Впрочем, я преувеличиваю или, вернее сказать, уменьшаю, когда говорю, что у меня было две котомки, — была третья; в ней были мои восемь книг, восемь томов моих сочинений. Эти восемь книг спас мне один австрийский пленный. Предвидя, что моя библиотека будет растаскана, он извлек их и почти с опасностью жизни привез мне их в Тамбов. Никогда не забуду этого иноплеменника, творившего дело культуры и преданности, в то время как свои творили дело разрушения и злобы… Стахович предоставил мне диван в своем кабинете. Но через два месяца холод выгнал нас из наших комнат и загнал в кухню. Через месяц присоединился к нам другой наш соквартирант, режиссер Художественного театра Мчеделов.
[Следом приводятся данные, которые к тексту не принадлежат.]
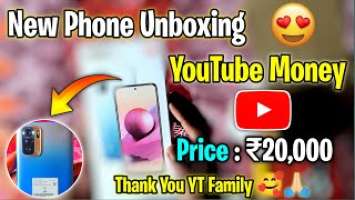 Redmi Note 10s Unboxing Review | New Phone Unboxing Redmi Note 10s | Full Review Redmi Note 10s
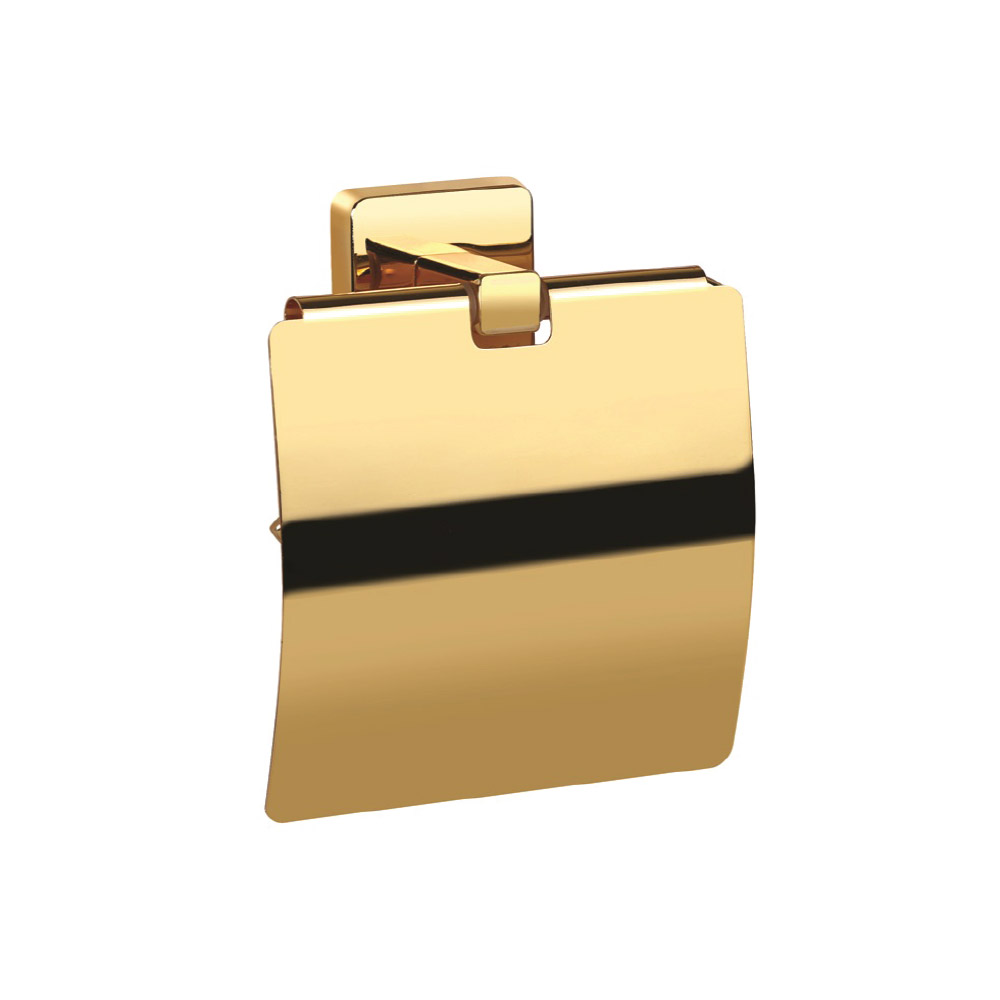 PORTE PAPIER GOLD
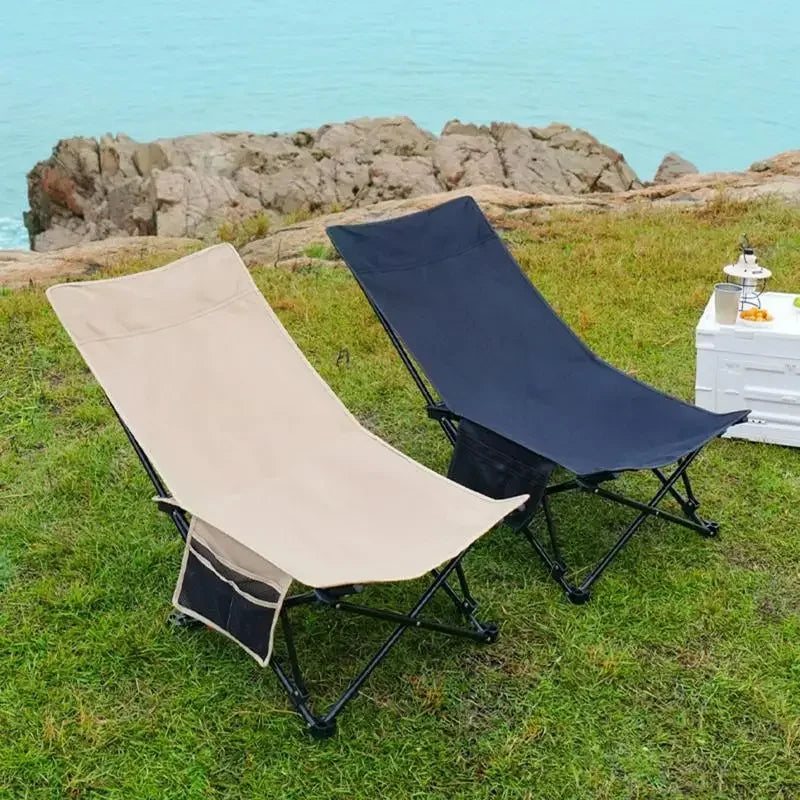 Outdoor Folding Moon Chair - Smart Shop (Online Store for wise shoppers) 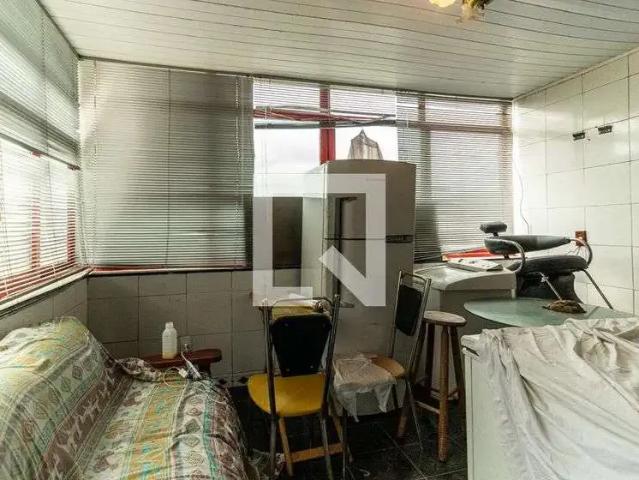 Apartamento para Venda em São Paulo/SP Centro 1 Quartos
Так стали мы жить втроем в маленькой кухне, вынося наши постели на день в холодный коридор. Но скоро стали выносить только одну постель: Стахович заболел, а недели через три заболел и я. У меня оказался сыпной тиф; меня вынесли и увезли на автомобиле в больницу. Я пролежал месяц. Когда выписался, я уже поехал на другую квартиру, где была мне комната и уход. Мне сказали, что Стахович уехал в санаторию, а через три недели поведали, что он повесился в тот самый день, когда я выписался из больницы.